• Task to complete: Exclude all pictures. Then restate, word for word, the entries from the first line through the line that contains "Couple Hugging Kissing".
[Supplied entries Boundary: Start]
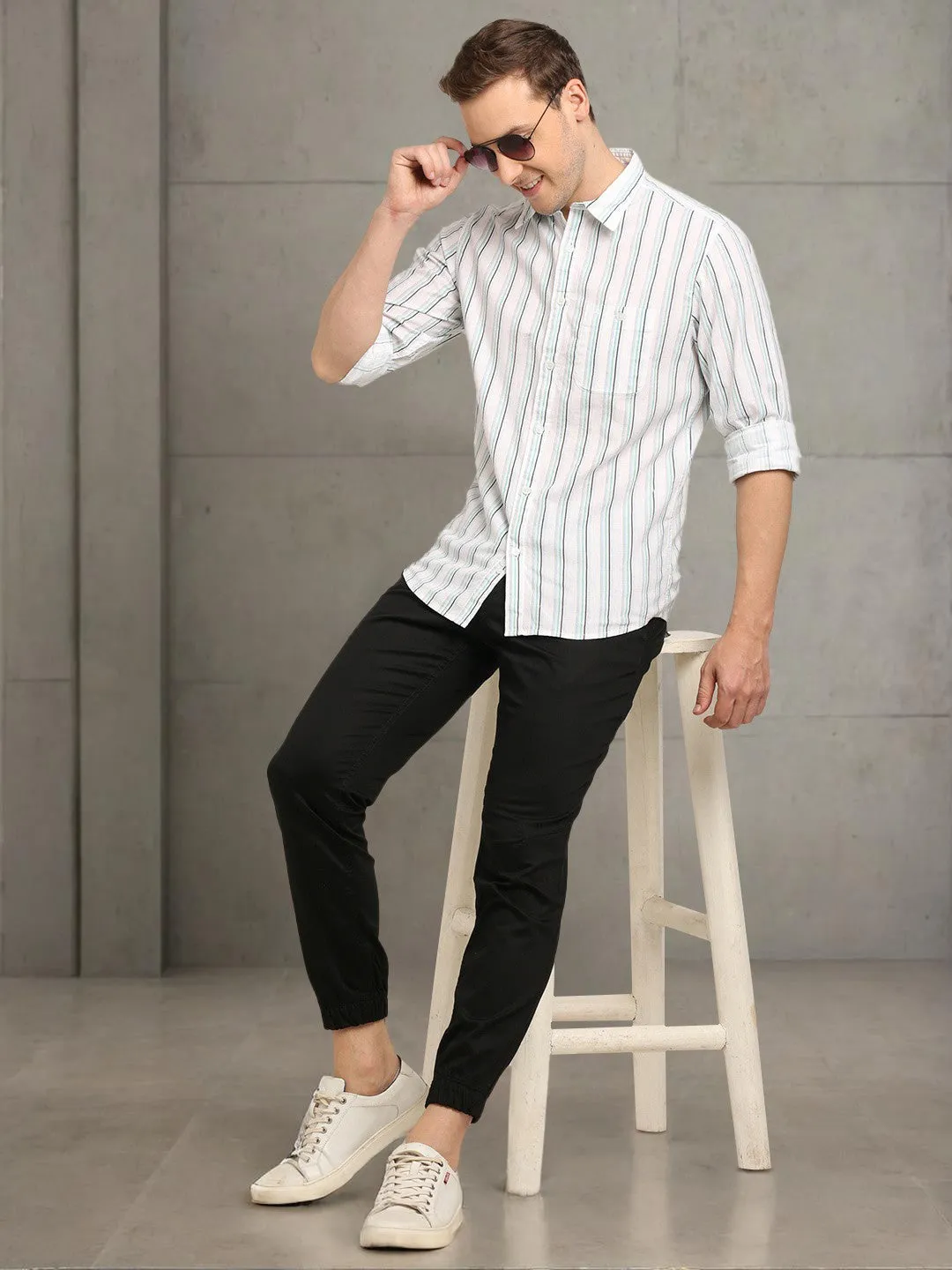 Men Striped Full Sleeve Cotton Shirt Timeless elegance Easy Care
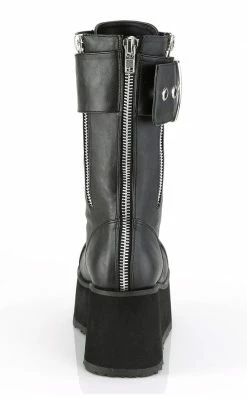 Demonia Shoes PETROL-150 Black Vegan Leather Combat Boots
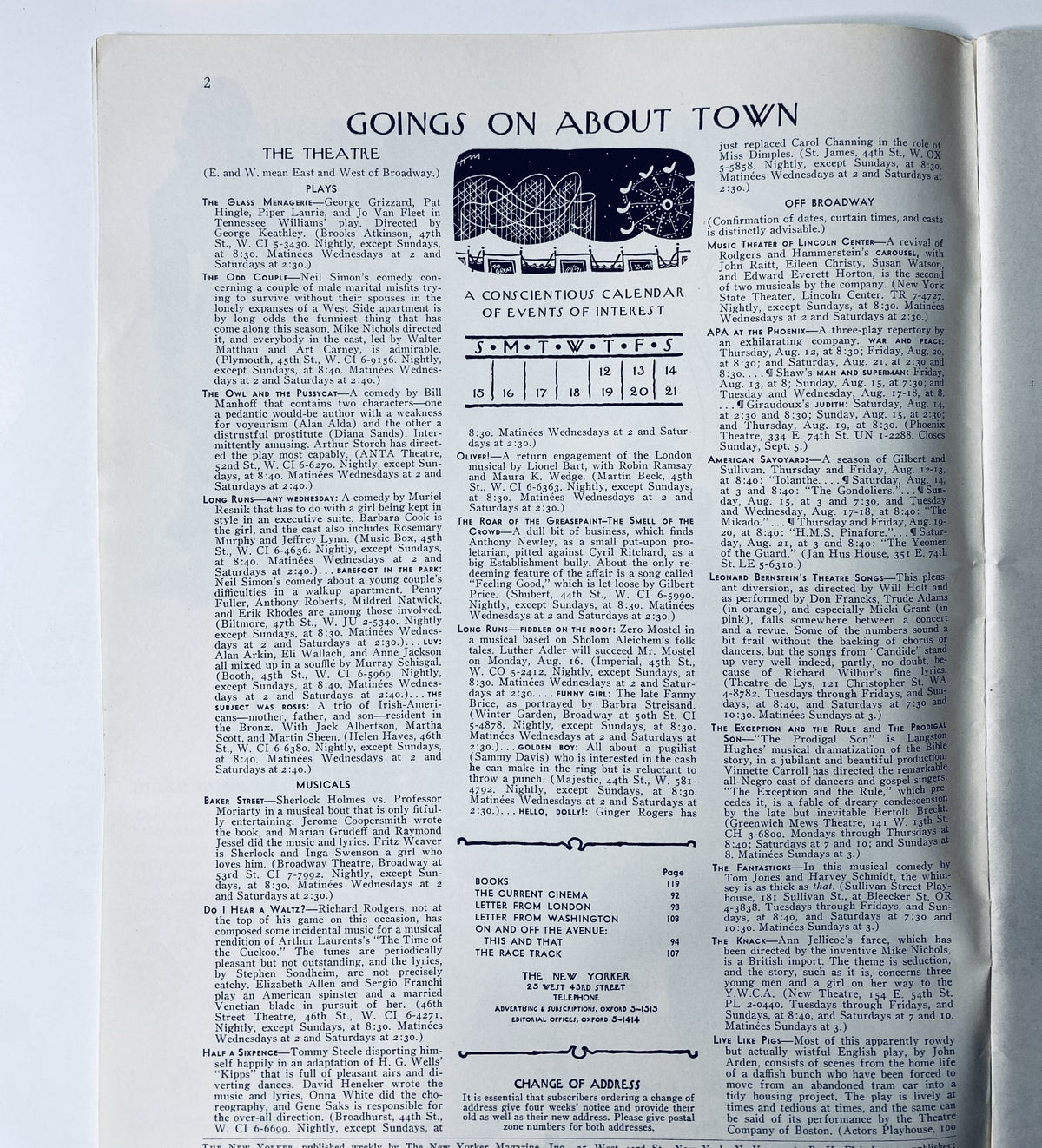 Interior page of The New Yorker Magazine August 14, 1965, detailing 'Goings On About Town' with events calendar and information, providing insights into cultural happenings.
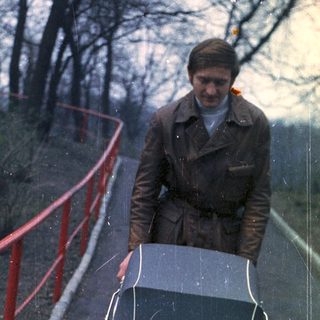 Person walks along a path, pushing a vintage baby stroller.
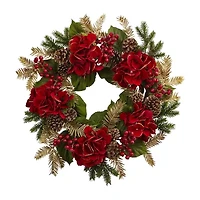 Nearly Natural 24in. Faux Hydrangea Pine Wreath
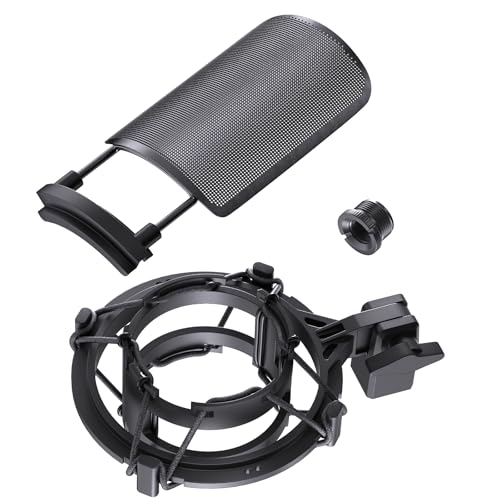 AT2020 Microphone Shock Mount with Metal Pop Filter, [Custom Built for audio technica Mic] Anti-Vibration Suspension Shockmount Holder Clip Compatible with AT2020USB+ AT2035 ATR2050 AT3035 AT3060 - size: AT2020 Shock Mount with Metal Pop Filter
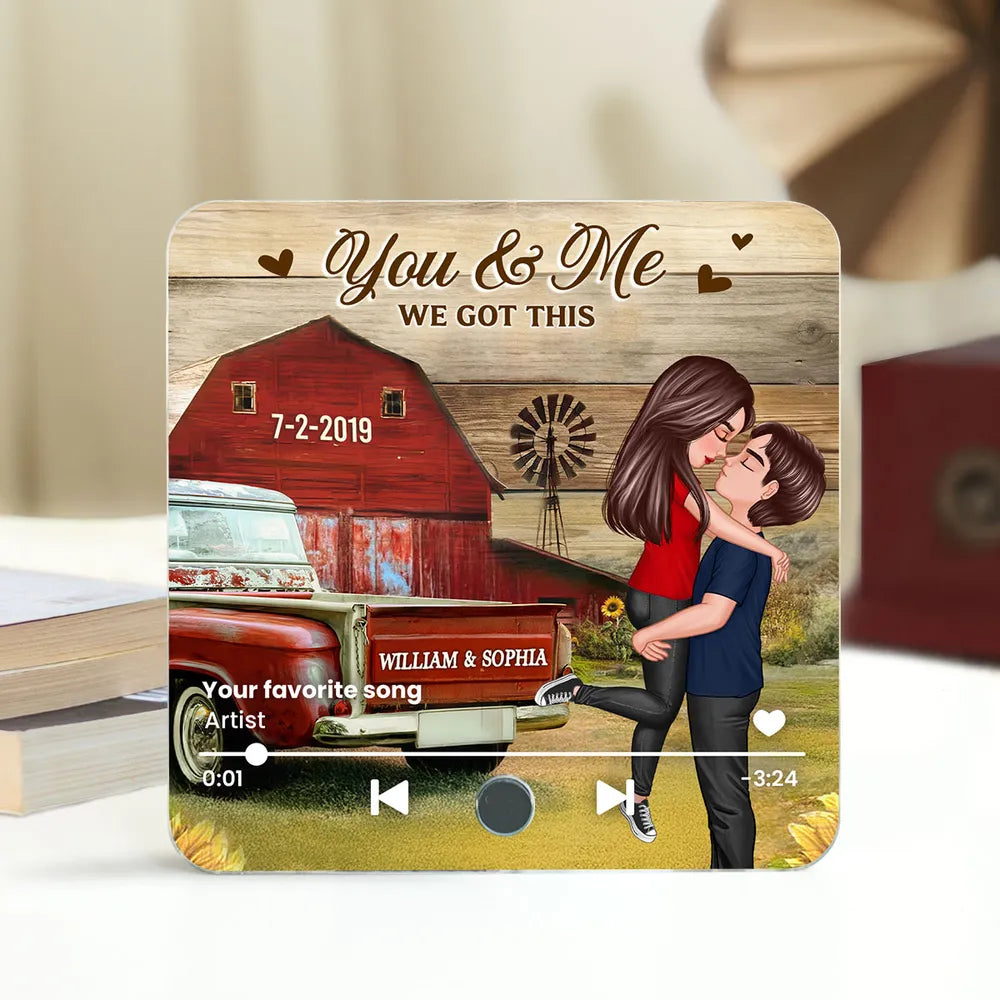 Couple Hugging Kissing Vintage Truck Farmhouse Personalized Music Fridge Magnet, Anniversary Gift For Him, For Her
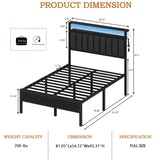 Furnulem Full Size Bed Frame with Charging Station and LED Lights, Platform Bed with Metal Slats, Grey Upholstered Headboard with 2-Tier Storage Shelves, No Box Spring Needed Furnulem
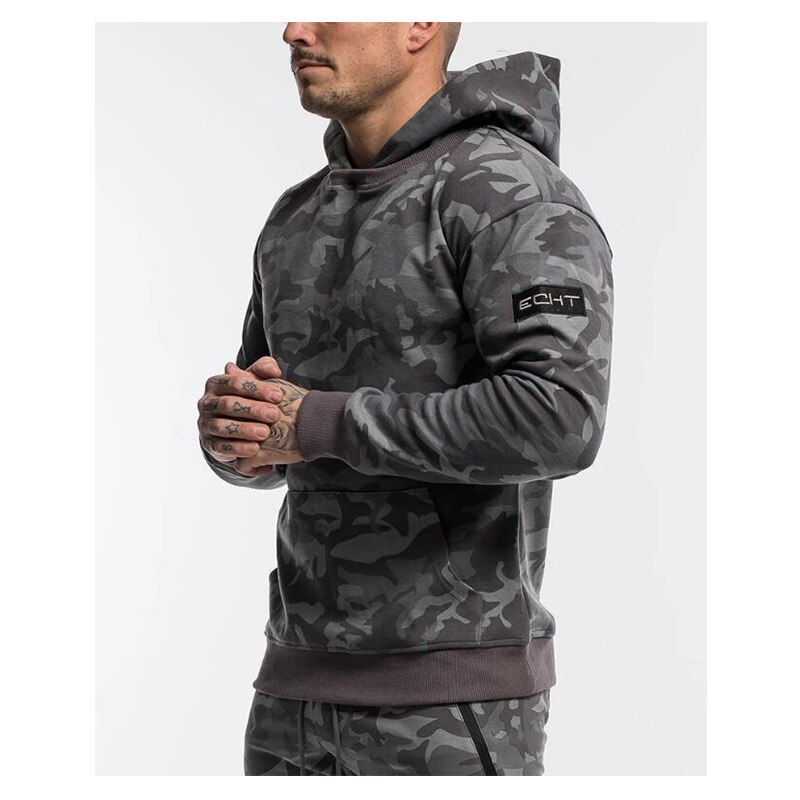 Muscle Fitness-suéter deportivo de tendencia de invierno para hombre, para correr al aire libre, entrenamiento, secado rápido, transpirable, informal, chaqueta de camuflaje, Jogger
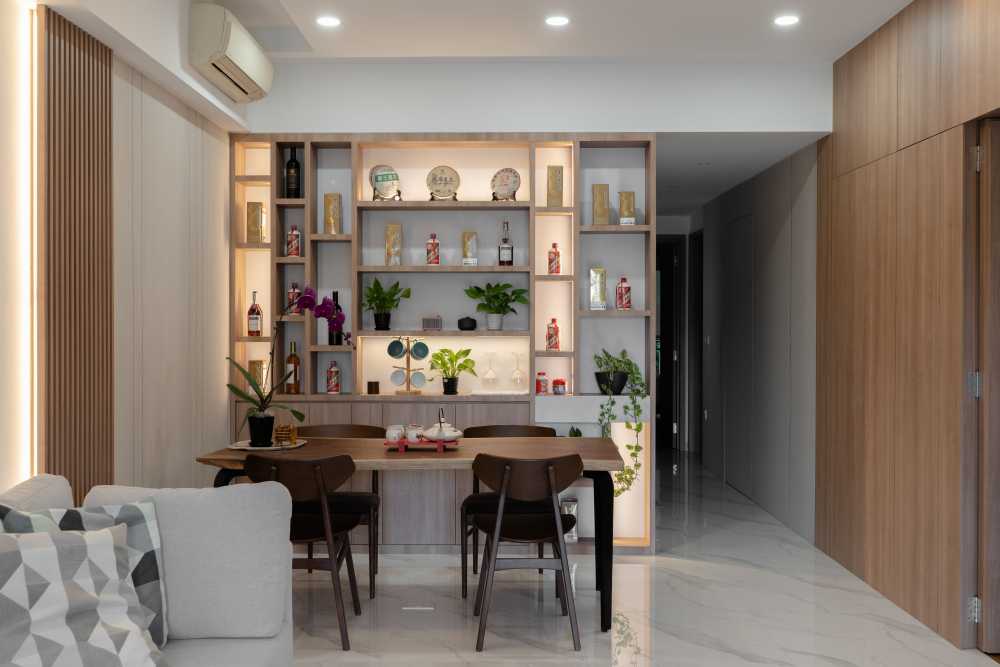 Contemporary Dining Room with Chandelier and Seating Bench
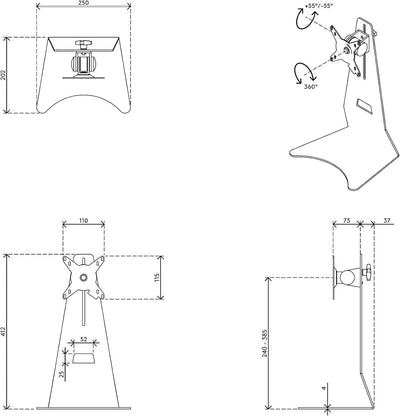 Dataflex Addit Monitor Stand 500 Weiss, höhenverstellbarer Monitorständer, Bildschirmerhöhung, für 1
[Supplied entries Boundary: End]
• Result of this exercise:
 Men Striped Full Sleeve Cotton Shirt Timeless elegance Easy Care
 Demonia Shoes PETROL-150 Black Vegan Leather Combat Boots
 Interior page of The New Yorker Magazine August 14, 1965, detailing 'Goings On About Town' with events calendar and information, providing insights into cultural happenings.
 Person walks along a path, pushing a vintage baby stroller.
 Nearly Natural 24in. Faux Hydrangea Pine Wreath
 AT2020 Microphone Shock Mount with Metal Pop Filter, [Custom Built for audio technica Mic] Anti-Vibration Suspension Shockmount Holder Clip Compatible with AT2020USB+ AT2035 ATR2050 AT3035 AT3060 - size: AT2020 Shock Mount with Metal Pop Filter
 Couple Hugging Kissing Vintage Truck Farmhouse Personalized Music Fridge Magnet, Anniversary Gift For Him, For Her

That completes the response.